--- Data excerpts ---
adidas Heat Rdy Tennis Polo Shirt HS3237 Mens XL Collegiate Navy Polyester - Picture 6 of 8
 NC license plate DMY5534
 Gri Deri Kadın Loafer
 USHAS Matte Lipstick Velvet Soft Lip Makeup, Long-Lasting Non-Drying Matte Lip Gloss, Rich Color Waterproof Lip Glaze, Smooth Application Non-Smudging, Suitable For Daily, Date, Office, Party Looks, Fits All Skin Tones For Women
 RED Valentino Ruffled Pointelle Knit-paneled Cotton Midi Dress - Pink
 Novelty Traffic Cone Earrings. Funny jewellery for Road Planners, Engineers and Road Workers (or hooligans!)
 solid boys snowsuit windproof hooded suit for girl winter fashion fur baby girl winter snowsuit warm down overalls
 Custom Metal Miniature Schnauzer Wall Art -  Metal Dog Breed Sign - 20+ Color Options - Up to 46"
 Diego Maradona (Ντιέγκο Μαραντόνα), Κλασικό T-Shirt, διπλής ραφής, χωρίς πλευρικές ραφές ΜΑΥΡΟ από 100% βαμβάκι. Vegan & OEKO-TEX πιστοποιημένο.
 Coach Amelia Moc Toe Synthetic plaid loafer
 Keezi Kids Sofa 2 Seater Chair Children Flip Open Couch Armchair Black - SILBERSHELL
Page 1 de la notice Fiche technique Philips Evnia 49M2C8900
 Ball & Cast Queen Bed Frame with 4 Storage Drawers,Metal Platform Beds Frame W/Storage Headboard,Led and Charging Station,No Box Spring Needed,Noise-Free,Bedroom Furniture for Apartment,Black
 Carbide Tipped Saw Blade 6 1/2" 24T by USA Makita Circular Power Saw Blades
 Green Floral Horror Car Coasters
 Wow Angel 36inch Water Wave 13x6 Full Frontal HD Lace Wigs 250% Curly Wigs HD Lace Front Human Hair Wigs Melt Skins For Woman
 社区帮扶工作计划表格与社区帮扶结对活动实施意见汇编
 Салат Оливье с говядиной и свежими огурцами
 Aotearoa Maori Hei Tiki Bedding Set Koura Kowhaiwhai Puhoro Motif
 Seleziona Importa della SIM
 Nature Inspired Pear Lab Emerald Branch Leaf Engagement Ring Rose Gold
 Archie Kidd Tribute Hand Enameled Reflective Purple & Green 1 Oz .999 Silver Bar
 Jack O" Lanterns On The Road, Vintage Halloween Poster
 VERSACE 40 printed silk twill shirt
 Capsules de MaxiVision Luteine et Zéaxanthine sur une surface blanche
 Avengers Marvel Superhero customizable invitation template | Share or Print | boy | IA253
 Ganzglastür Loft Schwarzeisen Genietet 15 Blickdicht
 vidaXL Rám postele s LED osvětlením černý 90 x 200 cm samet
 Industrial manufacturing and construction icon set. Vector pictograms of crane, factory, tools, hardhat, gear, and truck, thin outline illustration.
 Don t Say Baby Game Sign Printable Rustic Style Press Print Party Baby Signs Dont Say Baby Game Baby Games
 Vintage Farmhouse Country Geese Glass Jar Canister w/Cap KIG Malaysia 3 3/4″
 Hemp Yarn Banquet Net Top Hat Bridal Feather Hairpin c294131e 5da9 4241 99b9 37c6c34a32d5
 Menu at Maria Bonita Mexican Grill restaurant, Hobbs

--- Exercise requirements ---
Output each line exactly, from the first line of the data down to the line that contains "Custom Metal Miniature", both included.

--- Result of the exercise ---
adidas Heat Rdy Tennis Polo Shirt HS3237 Mens XL Collegiate Navy Polyester - Picture 6 of 8
 NC license plate DMY5534
 Gri Deri Kadın Loafer
 USHAS Matte Lipstick Velvet Soft Lip Makeup, Long-Lasting Non-Drying Matte Lip Gloss, Rich Color Waterproof Lip Glaze, Smooth Application Non-Smudging, Suitable For Daily, Date, Office, Party Looks, Fits All Skin Tones For Women
 RED Valentino Ruffled Pointelle Knit-paneled Cotton Midi Dress - Pink
 Novelty Traffic Cone Earrings. Funny jewellery for Road Planners, Engineers and Road Workers (or hooligans!)
 solid boys snowsuit windproof hooded suit for girl winter fashion fur baby girl winter snowsuit warm down overalls
 Custom Metal Miniature Schnauzer Wall Art -  Metal Dog Breed Sign - 20+ Color Options - Up to 46"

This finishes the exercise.